Summer has descended here in Crimea. Hot, hot, hot. Time for trying to stay in the shade, visiting the sea, getting out my trusty fan—the best 5 griven (50 cents) purchase I ever made in Crimea—for those oh-so-hot bus rides home from work. And probably also time for suspending our weekly hikes. But we are hoping for at least one more and that the mountains will be cooler. Sunday a small group of us will head up to the beautiful Demerdji plateau, once again in search of the allusive Djur Djur waterfall which Cheryl and I failed to find on our last hike there. This time we will have some Russian native speakers with us, so that might help; however, none of them have experience with this trail. Though if our luck continues to hold, we will find someone on the way to the trail that will want to join us and show us the route!
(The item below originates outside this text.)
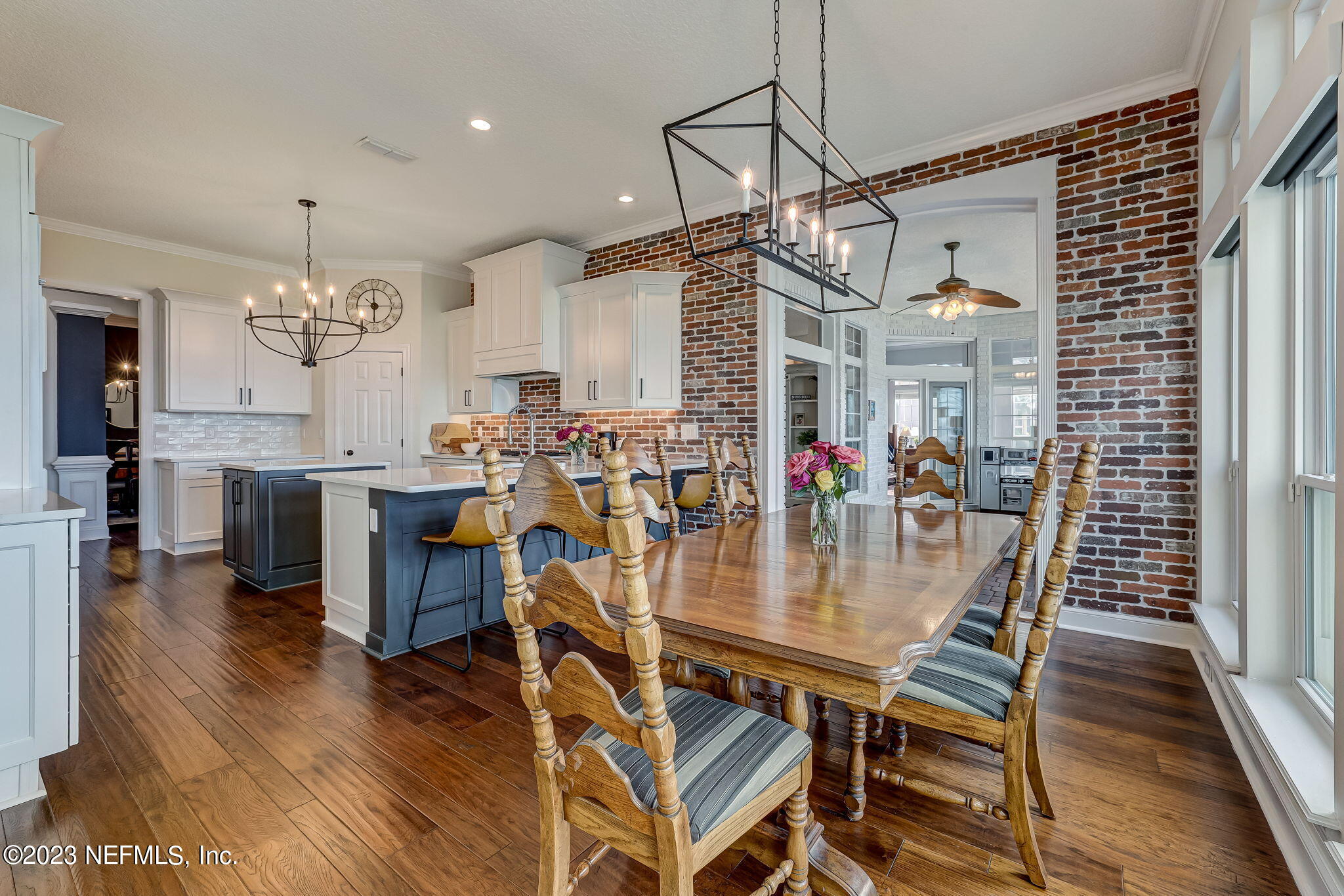 2011 Salt Myrtle Lane Fleming Island, FL 32003 - Photo 33 of 124 a view of a dining room and livingroom with furniture wooden floor a chandelier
It’s Wednesday right now, we plan on hiking Sunday, and anything can happen between now and then.
I feel myself starting to fade away from doing blog posts—maybe it’s a sign of Crimea becoming more and more my real home—or at least one of them--and not a place where I am visiting and writing blog posts about.  After all, I never wrote blog posts about my life in Minneapolis. But I also continue to feel that tug to record what I am doing, that desire to tell people about this world in Crimea. I know that by now probably few people read my blog, that my telling most likely does not have much of an audience.  Still, I feel the desire to keep on with it--I think mostly in the hope that maybe someday it will give me something to grab hold of when I think of my Crimean life.
So, what have I been doing since that 11-hour trek on Chatyr Dag? Lots, it seems. Gearing up for my departure to the States on July 6th—taking care of house selling business there, making appointments, contacting friends and family, making travel arrangements—plus trying to get a lot of work done at the library—finishing writing a grant that is due June 30th, hassling with bank transfers for two of our open grants, trying to finish up one of the smaller grants. As usual, wheels turn frustratingly slow here, but I do have faith that it all will happen by the time I leave. And if not, well, I will be back.
And though it seems the weekends should be a time of relaxation and catching up on sleep, I have continued to pursue my current plan of trying to get out hiking one day every weekend. When I was going through the doldrums in the winter, I realized even more strongly how important it is for my sense of well-being to find myself at least once a week out happily tramping the trails of Crimea.
So in keeping with that policy, the following Sunday after Chatyr Dag, a group of us set off to hike to the cave city of Eski Kermen. I had been there once before—on my first birthday here—but we were rained out on that day and only got to explore part of the ruins. I had always wanted to go back, so was glad for the chance. And I was especially glad that Anton, even though he wasn’t able to go with us, came up with an alternative route to get there which was a lovely hike along an old dirt road that wound through forests and valleys bordered by high rock walls that contorted into unusual rock formations.So much better than the asphalt road through old collective farms that we hiked before.
A view out a cave window


Some of the many caves

The intrepid explorer

The cave city of Eski Kermen is a vast network of over 400 caves carved out of the cliff walls on a high plateau. Established in the 8th century BC, it was the home for the ancient civilizations of Crimea and later the early Christians, as evidenced by the altars and icons carved into the walls of the caves. Nothing is left of the above ground structures, but the multi level caves are fascinating to explore. At one place, there is an ancient stairway carved out of the earth that goes down into the darkness to a well that provided water for the town when it was under siege. We didn’t venture down—it looked way too scary and you really couldn’t see where it ended up. In the US, it would have been blocked offas “too dangerous,” as maybe many of the caves would have been, but here there was just a warning sign to be careful. And even that is a rarity in Ukraine. Safety concern as we know in America is not a common practice in Ukraine.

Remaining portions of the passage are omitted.